As may be seen, the two posteriors quite coincide. In this simple case, performing MCMC does not provide any benefit over the analytical computations. But if we move away from the comfortable case for the couple prior-likelihood, as for the normal-normal example, MCMC becomes essential.

Exercise 4 In \(\mathsf{sim}\) in the code above, you find the MCMC output which allows to approximate the posterior distribution of our parameter of interest with \(S\) draws of \(\theta\). Plot the empirical cumulative distribution function and compare it with the theoretical cumulative distribution function of the posterior distribution.

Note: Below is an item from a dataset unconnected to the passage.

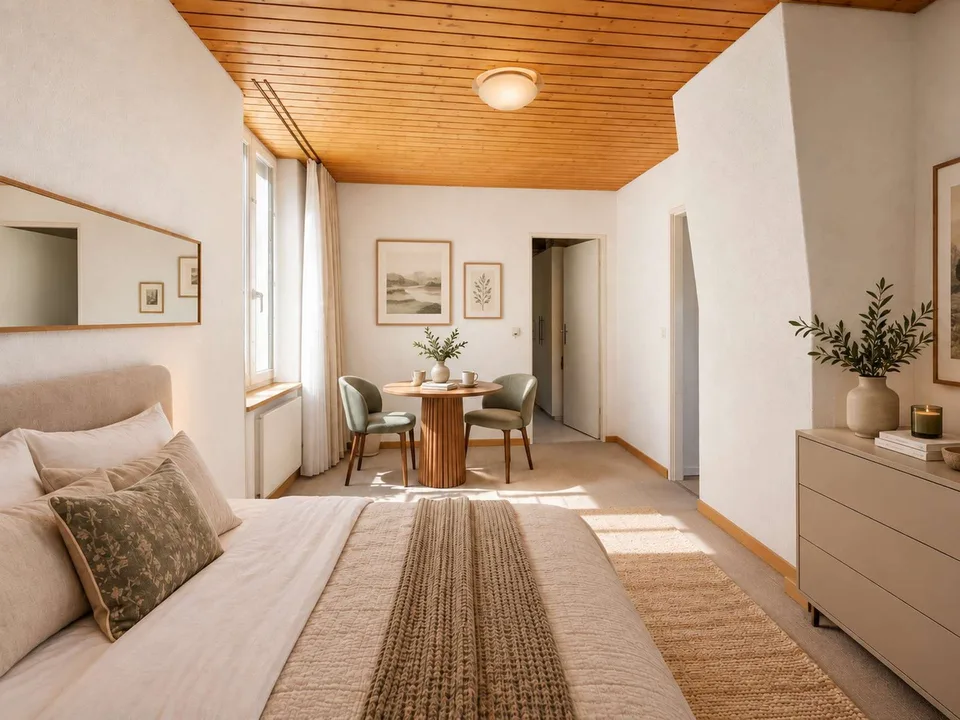 IDILLIO DI GIARDINO A ZÜRICH-AFFOLTERN - Incantevole casa di angolo di 4,5 locali in una posizione tranquilla – foto 12 di 13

Exercise 5 Launch the following line of \(\mathsf{R}\) code:

posterior <- as.array(fit)

Use now the \(\mathsf{bayesplot}\) package. Read the help and produce for this example, using the object posterior, the following plots:

posterior intervals.
posterior areas.
marginal posterior distributions for the parameters.

Quickly comment.

Non-conjugate priors

Let’s change the assumption of the model above, and consider now a uniform prior for \(\theta\):

\[ \theta \sim \mathsf{Unif}(-10,10).\]

If we compute the numerator of the Bayes theorem we obtain:

\[ \pi(\theta|y) \propto L(\theta;y)\pi(\theta)=\frac{1}{\sqrt{2\pi\sigma^2}}e^{-\frac{1}{2\sigma^2}\sum_{i}(y_i-\theta)^2}\mbox{I}_{[-10,10]}(\theta), \]

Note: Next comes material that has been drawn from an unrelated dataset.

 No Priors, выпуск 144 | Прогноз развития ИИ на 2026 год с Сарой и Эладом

where \(\mbox{I}_{[-10,10]}(\theta)\) is the usual event indicator for the Uniform distribution, equals 1 if \(\theta \in[-10,10]\), and 0 otherwise. This product is not proportional to any known distribution, and in such a case we need simulation.

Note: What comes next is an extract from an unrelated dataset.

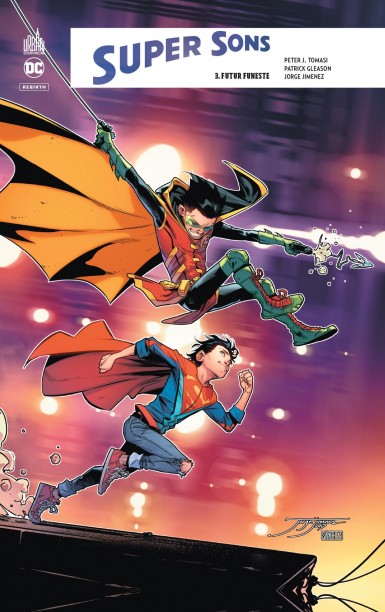 Couverture : Super sons, tome 3 : Futur funeste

#launch Stan model with the uniform prior in place of normal prior

data2<- list(N=n, y=y, sigma =sqrt(sigma2), a=-10, b=10)
fit2 <- stan(file="normal_uniform.stan", data = data2, chains = 4, iter=2000,
  refresh=-1)

#extract the Stan output
sim2 <- extract(fit2)

#plot the Stan posterior

curve(dnorm(x, theta_sample, sqrt(sigma2/n)),xlim=c(-12,12), lty=2, lwd=1, col="black", ylim=c(0,1.2), 
  ylab="density", xlab=expression(theta))
curve(dunif(x, -10,10  ), xlim=c(-12,12), col="red", lty=1,lwd=2,  add =T)
lines(density(sim2$theta, adj=2), col ="blue", lwd=2, lty =1)
legend(5, 1, c("Prior", "Likelihood", "Stan Posterior"), 
  c("red", "black", "blue", "blue" ), lty=c(1,2,1),lwd=c(1,1,2), cex=0.8)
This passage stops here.